10/01 Bundes-Verfassungsgesetz (B-VG)
10/07 Verwaltungsgerichtshof
40/01 Verwaltungsverfahren
41/02 Passrecht Fremdenrecht

Norm

AsylG 2005 §18 Abs1
AsylG 2005 §3 Abs1
B-VG Art133 Abs4
VwGG §28 Abs3
VwGG §34 Abs1
VwGVG 2014 §33 Abs1

Betreff

Der Verwaltungsgerichtshof hat durch die Vorsitzende Senatspräsidentin Dr. Büsser sowie den Hofrat Dr. Faber und die Hofrätin Dr. Funk-Leisch als Richter, unter Mitwirkung der Schriftführerin Mag.a Seiler, in der Revisionssache des S H, vertreten durch Dr. Manfred Schiffner, Rechtsanwalt in 8054 Seiersberg-Pirka, Haushamer Straße 2/4.OG, gegen das Erkenntnis des Bundesverwaltungsgerichts vom 2. Februar 2021, W195 2203622-1/11E, betreffend Angelegenheiten nach dem AsylG 2005 und dem FPG (belangte Behörde vor dem Verwaltungsgericht: Bundesamt für Fremdenwesen und Asyl), den Beschluss gefasst:

Spruch

Die Revision wird zurückgewiesen.

Begründung

1        Der Revisionswerber, ein Staatsangehöriger von Bangladesch, stellte am 9. November 2016 einen Antrag auf internationalen Schutz. Begründend gab er an, als Mitglied einer Tochterpartei der Bangladesch National Party in seinem von der gegnerischen Awami League regierten Herkunftsstaat verfolgt zu werden.
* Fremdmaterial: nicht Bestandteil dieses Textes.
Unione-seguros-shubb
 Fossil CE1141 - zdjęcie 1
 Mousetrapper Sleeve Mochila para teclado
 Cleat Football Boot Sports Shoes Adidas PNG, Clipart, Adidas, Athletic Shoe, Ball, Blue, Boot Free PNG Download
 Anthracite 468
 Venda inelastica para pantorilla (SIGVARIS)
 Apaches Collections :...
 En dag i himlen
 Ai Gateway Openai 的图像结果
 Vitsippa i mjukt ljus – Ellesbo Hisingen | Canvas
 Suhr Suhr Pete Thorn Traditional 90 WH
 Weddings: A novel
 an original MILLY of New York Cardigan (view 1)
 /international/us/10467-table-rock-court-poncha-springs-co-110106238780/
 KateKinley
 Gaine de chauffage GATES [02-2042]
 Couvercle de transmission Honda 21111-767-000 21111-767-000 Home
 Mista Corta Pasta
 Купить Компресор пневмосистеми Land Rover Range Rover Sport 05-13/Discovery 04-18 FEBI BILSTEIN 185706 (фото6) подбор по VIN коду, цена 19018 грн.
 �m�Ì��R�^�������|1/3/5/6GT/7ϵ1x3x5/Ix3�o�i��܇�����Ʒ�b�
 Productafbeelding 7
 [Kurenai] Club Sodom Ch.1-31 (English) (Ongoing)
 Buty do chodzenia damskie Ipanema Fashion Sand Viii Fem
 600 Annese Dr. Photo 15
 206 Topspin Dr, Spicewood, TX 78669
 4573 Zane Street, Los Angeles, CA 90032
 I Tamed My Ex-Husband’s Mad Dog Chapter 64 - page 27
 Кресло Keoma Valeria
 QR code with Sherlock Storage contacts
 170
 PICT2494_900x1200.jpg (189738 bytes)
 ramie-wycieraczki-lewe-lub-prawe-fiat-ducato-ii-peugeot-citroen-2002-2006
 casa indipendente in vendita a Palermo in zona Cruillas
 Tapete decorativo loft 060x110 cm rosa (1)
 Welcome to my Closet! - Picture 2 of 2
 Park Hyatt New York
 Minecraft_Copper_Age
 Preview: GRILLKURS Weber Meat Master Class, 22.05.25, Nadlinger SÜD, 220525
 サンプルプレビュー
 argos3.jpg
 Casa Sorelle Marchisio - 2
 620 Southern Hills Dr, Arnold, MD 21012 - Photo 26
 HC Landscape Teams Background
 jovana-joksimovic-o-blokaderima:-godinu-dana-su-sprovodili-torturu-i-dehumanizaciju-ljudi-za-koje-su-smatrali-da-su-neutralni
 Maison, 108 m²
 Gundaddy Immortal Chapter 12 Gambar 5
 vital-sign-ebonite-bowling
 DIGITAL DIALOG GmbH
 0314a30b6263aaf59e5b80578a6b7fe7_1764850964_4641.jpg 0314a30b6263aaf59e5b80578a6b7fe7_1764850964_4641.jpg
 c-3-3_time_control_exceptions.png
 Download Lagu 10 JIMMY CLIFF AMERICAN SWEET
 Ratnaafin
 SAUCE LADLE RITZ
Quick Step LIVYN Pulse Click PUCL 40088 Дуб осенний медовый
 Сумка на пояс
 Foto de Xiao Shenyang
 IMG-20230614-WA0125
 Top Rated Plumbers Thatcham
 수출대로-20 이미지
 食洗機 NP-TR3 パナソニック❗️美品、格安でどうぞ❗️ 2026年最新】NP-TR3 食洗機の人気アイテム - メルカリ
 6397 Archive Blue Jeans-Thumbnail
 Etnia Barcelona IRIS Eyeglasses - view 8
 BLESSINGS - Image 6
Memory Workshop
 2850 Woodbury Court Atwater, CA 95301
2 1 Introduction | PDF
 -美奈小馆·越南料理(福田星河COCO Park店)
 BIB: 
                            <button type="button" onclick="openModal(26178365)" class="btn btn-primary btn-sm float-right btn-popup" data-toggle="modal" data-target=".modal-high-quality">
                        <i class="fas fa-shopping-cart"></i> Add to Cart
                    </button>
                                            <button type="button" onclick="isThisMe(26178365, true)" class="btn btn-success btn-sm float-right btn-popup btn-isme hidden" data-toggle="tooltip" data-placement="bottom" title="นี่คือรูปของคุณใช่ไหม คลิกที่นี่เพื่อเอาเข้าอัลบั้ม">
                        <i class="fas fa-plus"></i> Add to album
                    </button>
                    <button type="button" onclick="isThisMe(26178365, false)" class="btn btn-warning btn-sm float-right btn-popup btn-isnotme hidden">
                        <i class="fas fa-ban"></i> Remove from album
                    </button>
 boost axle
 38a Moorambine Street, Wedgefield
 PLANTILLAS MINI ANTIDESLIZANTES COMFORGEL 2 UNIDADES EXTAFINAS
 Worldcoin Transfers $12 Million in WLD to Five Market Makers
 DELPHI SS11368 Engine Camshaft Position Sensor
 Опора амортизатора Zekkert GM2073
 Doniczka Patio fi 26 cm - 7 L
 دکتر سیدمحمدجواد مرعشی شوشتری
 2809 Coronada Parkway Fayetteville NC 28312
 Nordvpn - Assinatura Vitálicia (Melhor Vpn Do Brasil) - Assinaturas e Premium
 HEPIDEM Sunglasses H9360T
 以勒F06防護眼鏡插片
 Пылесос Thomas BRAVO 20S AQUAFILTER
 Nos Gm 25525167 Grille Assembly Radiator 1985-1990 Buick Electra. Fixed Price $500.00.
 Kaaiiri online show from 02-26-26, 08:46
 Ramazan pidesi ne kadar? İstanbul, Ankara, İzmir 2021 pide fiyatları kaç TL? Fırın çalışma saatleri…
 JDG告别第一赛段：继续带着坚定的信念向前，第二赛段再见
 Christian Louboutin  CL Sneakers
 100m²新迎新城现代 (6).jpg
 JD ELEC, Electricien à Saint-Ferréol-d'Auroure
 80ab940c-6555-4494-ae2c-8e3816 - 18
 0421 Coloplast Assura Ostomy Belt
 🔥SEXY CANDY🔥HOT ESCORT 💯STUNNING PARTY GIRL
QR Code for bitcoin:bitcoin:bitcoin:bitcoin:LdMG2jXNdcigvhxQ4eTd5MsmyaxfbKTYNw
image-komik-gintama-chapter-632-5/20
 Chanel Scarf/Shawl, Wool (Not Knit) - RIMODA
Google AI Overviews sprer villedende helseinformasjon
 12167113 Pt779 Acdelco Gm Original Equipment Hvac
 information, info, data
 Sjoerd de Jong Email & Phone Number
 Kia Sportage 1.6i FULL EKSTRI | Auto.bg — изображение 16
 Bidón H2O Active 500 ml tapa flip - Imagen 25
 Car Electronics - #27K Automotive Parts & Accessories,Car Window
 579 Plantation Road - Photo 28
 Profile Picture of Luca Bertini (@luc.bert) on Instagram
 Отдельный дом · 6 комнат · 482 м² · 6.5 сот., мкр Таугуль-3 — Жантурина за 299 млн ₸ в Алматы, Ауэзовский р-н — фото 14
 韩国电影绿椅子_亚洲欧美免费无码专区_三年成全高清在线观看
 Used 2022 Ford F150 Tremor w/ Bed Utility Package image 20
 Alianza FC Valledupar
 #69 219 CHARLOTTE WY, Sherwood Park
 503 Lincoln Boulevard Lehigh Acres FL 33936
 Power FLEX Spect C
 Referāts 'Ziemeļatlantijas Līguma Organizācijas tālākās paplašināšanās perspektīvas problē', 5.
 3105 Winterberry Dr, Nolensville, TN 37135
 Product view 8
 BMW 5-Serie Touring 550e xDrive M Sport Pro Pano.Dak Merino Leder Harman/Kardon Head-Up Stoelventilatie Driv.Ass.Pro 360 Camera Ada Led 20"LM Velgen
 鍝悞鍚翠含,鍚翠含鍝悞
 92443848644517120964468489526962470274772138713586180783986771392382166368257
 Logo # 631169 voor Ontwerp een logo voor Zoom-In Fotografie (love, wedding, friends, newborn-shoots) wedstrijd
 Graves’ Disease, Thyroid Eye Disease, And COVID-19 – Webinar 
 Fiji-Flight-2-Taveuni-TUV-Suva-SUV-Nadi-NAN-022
2        Mit Bescheid vom 5. Juli 2018 wies das Bundesamt für Fremdenwesen und Asyl den Antrag des Revisionswerbers ab, erteilte ihm keinen Aufenthaltstitel aus berücksichtigungswürdigen Gründen, erließ gegen ihn eine Rückkehrentscheidung, stellte fest, dass seine Abschiebung nach Bangladesch zulässig sei, und legte eine Frist für die freiwillige Ausreise fest.

3        Mit dem angefochtenen Erkenntnis wies das Bundesverwaltungsgericht (BVwG) die dagegen erhobene Beschwerde des Revisionswerbers nach Durchführung einer mündlichen Verhandlung als unbegründet ab und sprach aus, dass die Revision gemäß Art. 133 Abs. 4 B-VG nicht zulässig sei.

4        Mit Beschluss vom 8. Juni 2021, E 982/2021-7, lehnte der Verfassungsgerichtshof die Behandlung der gegen dieses Erkenntnis gerichteten Beschwerde ab und trat die Beschwerde dem Verwaltungsgerichtshof zur Entscheidung ab.

5        Nach Art. 133 Abs. 4 B-VG ist gegen ein Erkenntnis des Verwaltungsgerichtes die Revision zulässig, wenn sie von der Lösung einer Rechtsfrage abhängt, der grundsätzliche Bedeutung zukommt, insbesondere weil das Erkenntnis von der Rechtsprechung des Verwaltungsgerichtshofes abweicht, eine solche Rechtsprechung fehlt oder die zu lösende Rechtsfrage in der bisherigen Rechtsprechung des Verwaltungsgerichtshofes nicht einheitlich beantwortet wird.

6        Nach § 34 Abs. 1 VwGG sind Revisionen, die sich wegen Nichtvorliegens der Voraussetzungen des Art. 133 Abs. 4 B-VG nicht zur Behandlung eignen, ohne weiteres Verfahren mit Beschluss zurückzuweisen.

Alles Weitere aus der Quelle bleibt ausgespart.